Peter Singer & Christian Ethics by MSW. MGB: It is not the moral status of the fetus that is really in doubt, but the status of the first trimester embryo. No one is a fetus until the second trimester. Where the Church needs to meet the modern world in understanding is to realize that the question is not at all the guilt or innocence of the fetus or embryo but the danger it poses to the physical, psychological and economic well being of the mother and the family. Indeed, the same decision criteria are evidenced in how to deal with other issues of deadly force, like euthanasia, war, self defense and capital punishment. We do not have the right to decide on someone's fate because they are guilty or innocent. Rather, we can only act to prevent a greater harm. The question then becomes, what is the greater harm and what is the best way to mitigate it.

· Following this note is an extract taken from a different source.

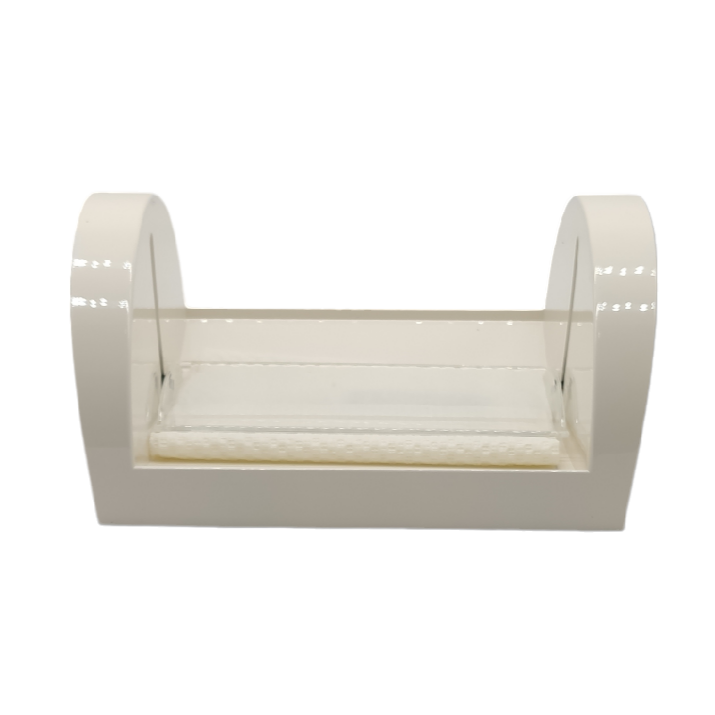 SERVILLETERO JARDIN LUXE SOLARE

If we really wish to discern the essentials for Catholic moral theology, we will not fetishize the fate of every fetus - especially if the pregnancy will almost certainly prove harmful to the mother when the child itself has no chance of survival due to some defect. No amount of danger is moral to save a child that is fatally flawed with no prognosis of ever surviving to birth. God does not expect us to turn off our brains and expect him to be an ogre. Nor is it reasonable to expect that the optimum remedy of abortion is to make it dangerous through the criminal law. What does honor the teachings of Christ is to create a society where abortion is never necessary for family well being - with a just wage and a nurturing society that truly welcomes children economically was well as emotionally, including when the parents are high school students. This insistence on adoption rather than enabling the formation of young families also plays into the desire for abortion as an option. For many, it is more natural to terminate the child than give it up. For these mothers, it is better to offer as an equally reasonable option a supportive structure to keep the child, marry the father and pursue both of their futures.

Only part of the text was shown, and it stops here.